Jack Bogle launched Vanguard Group Inc. with little more than a college thesis. When Jack Brennan took over, the company had less than half of the assets of heavyweight Fidelity Investments. And even Bill McNabb, who rose to the top job at Vanguard in 2008, could still pitch the company's index funds as an alternative to Wall Street's traditional offerings.

Mortimer J. "Tim" Buckley, who became Vanguard's fourth CEO this week after more than two decades with the company, is the first to take over the mutual fund giant when it is no longer an outsider. In the first 11 months of 2017, Vanguard took in more than six times as much as Fidelity, American Funds, T. Rowe Price and Pimco combined. (Blackrock Inc., which is dominant in the exchange-traded fund business, is the only other asset-management firm that has rivaled Vanguard's success in recent years.)

In all, Vanguard's assets under management are closing in on $5 trillion. And considering all the talk about passive investing and the market, it can be argued that Vanguard also has more influence than all of its competitors combined. Yet at a time when Vanguard is more dominant than ever, the company has chosen its most hard-driving combative CEO yet, or at least since Bogle. When Buckley took over as the firm's chief investment officer five years ago, he threatened rivals with a price war. He repeated that threat recently.

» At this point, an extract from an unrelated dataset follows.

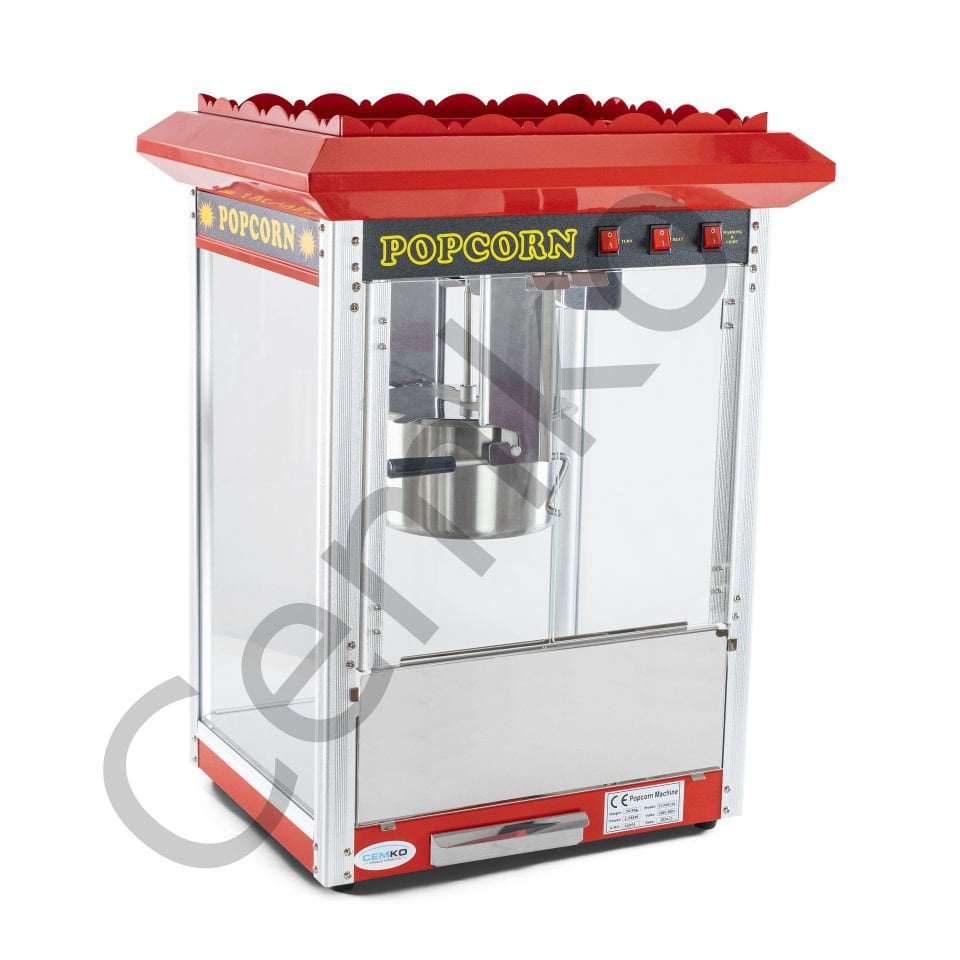 Popcorn Mısır Patlatma Makinası 6 Kilo Kapasiteli (Model İvrindi)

"The biggest challenge for Buckley is that the firm has been on this incredible winning streak," said Lawrence Lieberman, who is the head of executive search firm the Orion Group, which specializes in the asset-management industry. "There are not that many firms that get to offer the reins to someone with 25 years of experience at the firm." 

Buckley has already shown a willingness to bend Vanguard's culture in the pursuit of more assets. Last month, Vanguard introduced its first factor, or smart-beta, exchange-traded fund, which mixes index investing with quantitative metrics to bolster performance. More are planned. Bogle and outgoing CEO McNabb had held to the firm's core vision that nothing was a smarter investment than low-cost index funds.

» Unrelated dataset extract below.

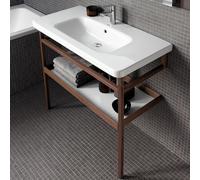 Duravit DuraStyle struttura per mobile a vista, DS988302277, DuraStyle noce americano/bianco finitura a specchio [Mobili da Bagno > Mobili Complementari]
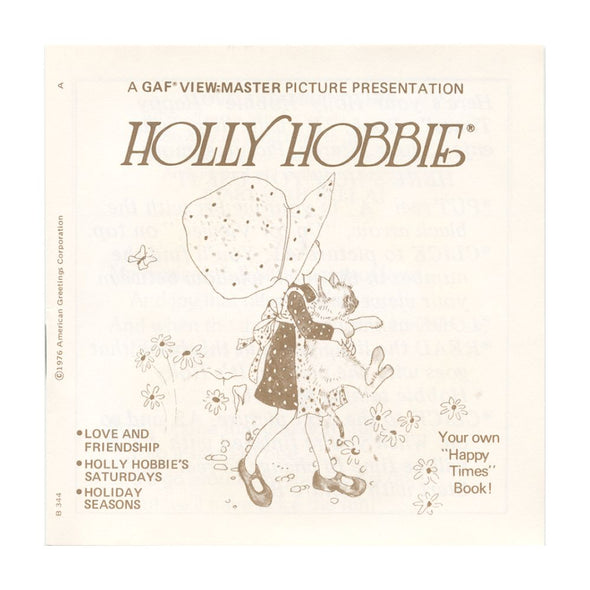 9 ANDREW - Holly Hobbie - View-Master 3 Reel Economy Packet - vintage - B344-G5A Packet 3Dstereo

Both Kevin McDevitt, Morningstar's analyst who covers Vanguard, and Daniel Wiener, who writes the popular newsletter The Independent Adviser for Vanguard Investors, said Buckley's most pressing challenge was Vanguard's customer service. Its website has long been clunky and hard to navigate, one of the biggest complaints Wiener said he hears.

And the firm offers little in the way of advice when more and more upstarts are using artificial intelligence to manage customers' accounts cheaper. (Of course, many of those robo-advisors end up putting their clients in Vanguard funds.) Vanguard faithful have been willing to make the trade-off between low costs and poor service, but Wiener thinks it could be a hurdle as the company draws in more and more investors. That's especially true with ETFs, which can be bought easily in any online brokerage account. "It's a processing business that has issues with service," Wiener said. Both Vanguard and Buckley declined to comment.

And Vanguard may have a growing problem in its corporate 401(k) business. The firm recently lost Chevron's giant $19 billion account to Fidelity, which still dominates the retirement plan administration business. Mike Alfred, CEO of BrightScope Inc., a financial information company that rates retirement plans, said the switch was isolated and that Vanguard's fees, which Chevron's employees complained were too high, are still among the lowest in the industry.

But the biggest threat facing Vanguard is the existential one and the one that is most pressing for the market and investors in general: How much bigger can the world's largest index fund company get without bringing it and the market down?

Already, many contend index funds are hurting the market and the economy. But even if that's not the case, Vanguard may run into a more basic Wall Street truth. Even the best investment strategies tend to work only when few know about them. Now that passive investing has become the most crowded trade on the planet, its performance should sputter at some point, and it may already be happening. Active large-cap mutual funds on average outperformed index funds for five months in a row, during the first half of 2017, their longest winning streak since at least 2009.